多向分化和自我更新是干细胞干性的特征性表现，研究表明BMSC向成骨和成脂分化通常维持在一个平衡水平，一旦成骨分化较多，则成脂分化就会相应减少［9］。过氧化物酶体增殖物激活受体(peroxisome proliferator－ activated receptor－ γ2，PPAR－γ2)基因是脂肪细胞分化标志性基因［10］。PPAR－γ2过表达时能促使成纤维细胞系的成脂转化，而PPAR－γ2缺陷鼠的胚胎干细胞及胚胎成纤维细胞则无成脂分化能力。故通过检测PPAR－γ2的表达可间接反映细胞的成脂分化能力。本实验中在成脂诱导3周后，实验组SCAP中的脂滴形成数量多于对照组，而且细胞密度相对较大，细胞体积小，未见拉长及变大等现象。RT－PCR检测PPAR－γ2基因表达水平发现，诱导培养1周时，2组基因表达无显著性差异;3周时实验组PPAR－γ2基因表达明显高于对照组。表明bFGF长时间作用于SCAP并进行成脂诱导时能使其维持特异性基因的表达，提示bFGF具有提高SCAP成脂分化的潜能。

研究报道，bFGF对4、6、9代人骨髓MSC成脂诱导无影响，bFGF组的PPAR－γ2基因表达直到9代仍保持与未添加bFGF类似的水平［11］。
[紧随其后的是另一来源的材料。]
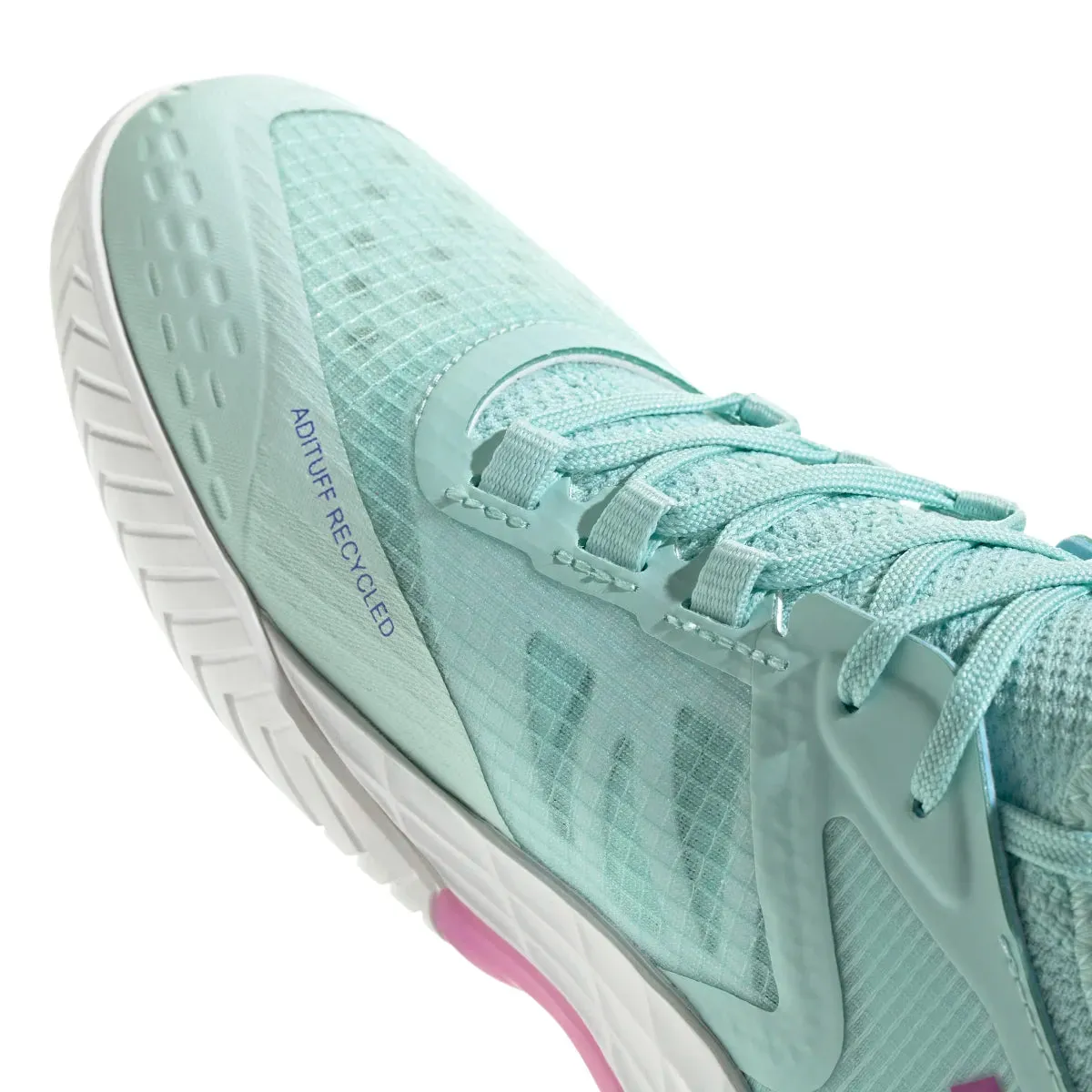 adidas Women's Adizero Ubersonic 4.1 Tennis Shoes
但以上实验中未对PPAR－γ2基因的表达做定量分析，其所得结论尚有待进一步证实。而Neubauer等［12］在鼠MSC中研究则发现，bFGF可在鼠MSC分化的各个阶段提高其成脂分化的能力和PPAR－γ2的表达。周媛等［5］也发现，bFGF能促进人MSCs向脂肪分化过程中PPAR－γ2的表达。本研究发现，在成脂诱导中，添加5 ng/mL bFGF组(实验组)的细胞数量一直在显著增加，而且细胞依旧保持类似纺锤型，体积小而立体;而对照组中的细胞则有拉长、变大等现象，推测可能是由于诱导培养过程中bFGF作用于SCAP时能维持其干细胞基因的表达，某种程度上抑制了细胞的老化，进而抑制细胞功能的衰退，故在bFGF存在的情况下对SCAP进行长时间成脂诱导时可促进其PPAR－γ2 mRNA的表达。Colleoni等［13］也提出了相同的观点，在其研究中发现，bFGF可抑制脂肪干细胞在诱导分化中发生衰老和形态改变，提示细胞在体外长时间培养时，bFGF可通过抑制细胞老化而维持其分化潜能。Amit等［14］发现，bFGF刺激 hESCs能持续其增殖，却不促进其分化，但在含有bFGF和血清培养基中生长的hESCs相对小而密，形态更典型。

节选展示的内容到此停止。